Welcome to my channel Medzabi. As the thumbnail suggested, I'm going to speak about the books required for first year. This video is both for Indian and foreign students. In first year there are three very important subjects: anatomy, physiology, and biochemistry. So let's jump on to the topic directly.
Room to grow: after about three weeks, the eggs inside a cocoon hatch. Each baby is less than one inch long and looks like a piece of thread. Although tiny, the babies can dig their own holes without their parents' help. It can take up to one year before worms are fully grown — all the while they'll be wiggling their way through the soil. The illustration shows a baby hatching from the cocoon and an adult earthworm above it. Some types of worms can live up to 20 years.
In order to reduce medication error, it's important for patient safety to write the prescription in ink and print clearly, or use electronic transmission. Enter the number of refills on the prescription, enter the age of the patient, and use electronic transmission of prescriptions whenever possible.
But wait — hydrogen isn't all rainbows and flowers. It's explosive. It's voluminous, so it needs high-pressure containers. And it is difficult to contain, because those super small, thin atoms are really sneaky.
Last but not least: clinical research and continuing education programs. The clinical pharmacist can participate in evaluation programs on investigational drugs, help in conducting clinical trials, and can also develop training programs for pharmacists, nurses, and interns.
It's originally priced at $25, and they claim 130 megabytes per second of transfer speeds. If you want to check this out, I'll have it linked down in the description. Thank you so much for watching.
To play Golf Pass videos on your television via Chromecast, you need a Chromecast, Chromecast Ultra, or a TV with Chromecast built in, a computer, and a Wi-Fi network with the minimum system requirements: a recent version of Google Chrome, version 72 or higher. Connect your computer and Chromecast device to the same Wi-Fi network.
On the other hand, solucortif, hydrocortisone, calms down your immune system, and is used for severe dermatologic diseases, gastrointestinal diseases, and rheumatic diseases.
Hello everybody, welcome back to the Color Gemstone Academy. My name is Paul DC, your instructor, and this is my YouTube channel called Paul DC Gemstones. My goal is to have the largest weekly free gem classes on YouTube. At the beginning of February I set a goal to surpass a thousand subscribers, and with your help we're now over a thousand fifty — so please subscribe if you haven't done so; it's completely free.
= = =
> **DESCRIPTION OF THE TASK**
An exact transcription of the lines from the start of the listing through the line bearing "In order to" is the whole answer.

> **RESULT FOR THIS TASK**
Welcome to my channel Medzabi. As the thumbnail suggested, I'm going to speak about the books required for first year. This video is both for Indian and foreign students. In first year there are three very important subjects: anatomy, physiology, and biochemistry. So let's jump on to the topic directly.
Room to grow: after about three weeks, the eggs inside a cocoon hatch. Each baby is less than one inch long and looks like a piece of thread. Although tiny, the babies can dig their own holes without their parents' help. It can take up to one year before worms are fully grown — all the while they'll be wiggling their way through the soil. The illustration shows a baby hatching from the cocoon and an adult earthworm above it. Some types of worms can live up to 20 years.
In order to reduce medication error, it's important for patient safety to write the prescription in ink and print clearly, or use electronic transmission. Enter the number of refills on the prescription, enter the age of the patient, and use electronic transmission of prescriptions whenever possible.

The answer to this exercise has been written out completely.